In 1968, Taylor Rogers was a trash collector in Memphis, Tenn. -- "just another guy" with eight children to support and a mortgage to pay off.

He became a part of history.

Disgusted by racism and poor working conditions, Taylor and 1,300 fellow African-American sanitation workers in Memphis launched a strike to win recognition as a union -- and as human beings. Their pro-test signs said it simply: "I am a man."

The strike succeeded after 64 days, but it exacted a terrible toll: Workers were beaten, gassed and jailed.

Dr. Martin Luther King Jr. paid the ultimate price: He was assassinated while in Memphis to support the strike.

After the strike, Rogers rose to become president of Local 1733, which today is multi-racial and has some 3,500 members. Today, at age 71, he is retired and the grandfather of 16. He is working to establish an AFSCME retiree unit.

On the 29th anniversary of the landmark strike, Taylor Rogers remembers the bad old Memphis of 1968 and how his union, AFSCME, helped make it better.
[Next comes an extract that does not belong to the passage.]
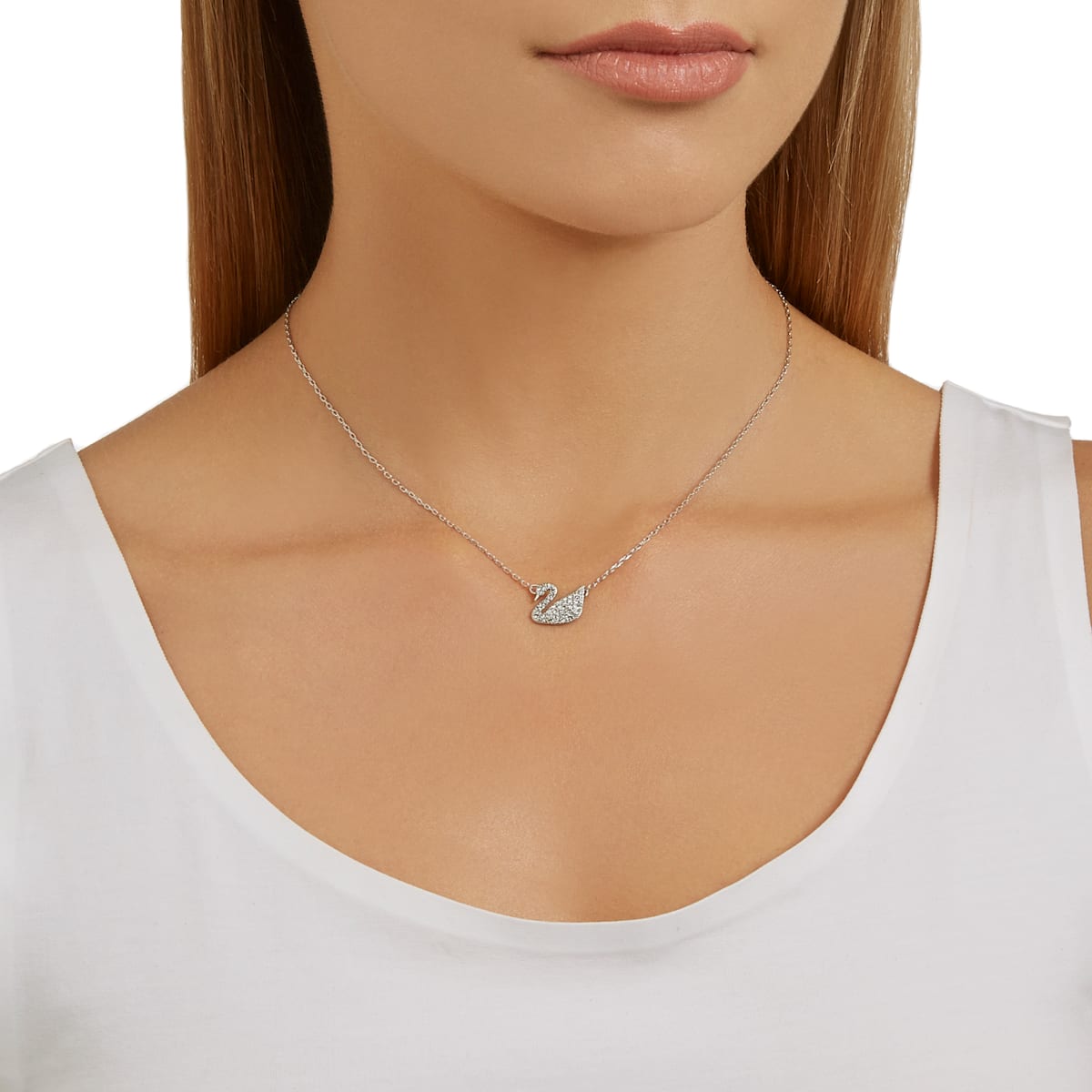 Swarovski - Swan Pave Anhänger, Schwan, Weiss, Rhodiniert - CRYSTAL UNTERBERGER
"I went to work on a truck in 1958, carrying a big tub into backyards and loading up. We had no union, no vacation, no benefits, no pensions, no overtime. The pay was 94 cents an hour. We had to do whatever they told us to do, and if you were hurt on the job, you got nothing.

"In about 1964 we started trying to organize. We formed AFSCME Local 1733, but they wouldn't recognize us. We'd hold meetings, and if the boss found out about it you got fired. One rainy day the boss sent us home without pay while the white workers got paid. Then two of the guys were killed in a compactor and their families got nothing. We said, 'This is enough,' and we voted to strike.

"We didn't only want decent pay and working conditions. We wanted dignity -- not to be treated like second-class citizens. But the mayor [Henry Loeb] told us the strike was illegal."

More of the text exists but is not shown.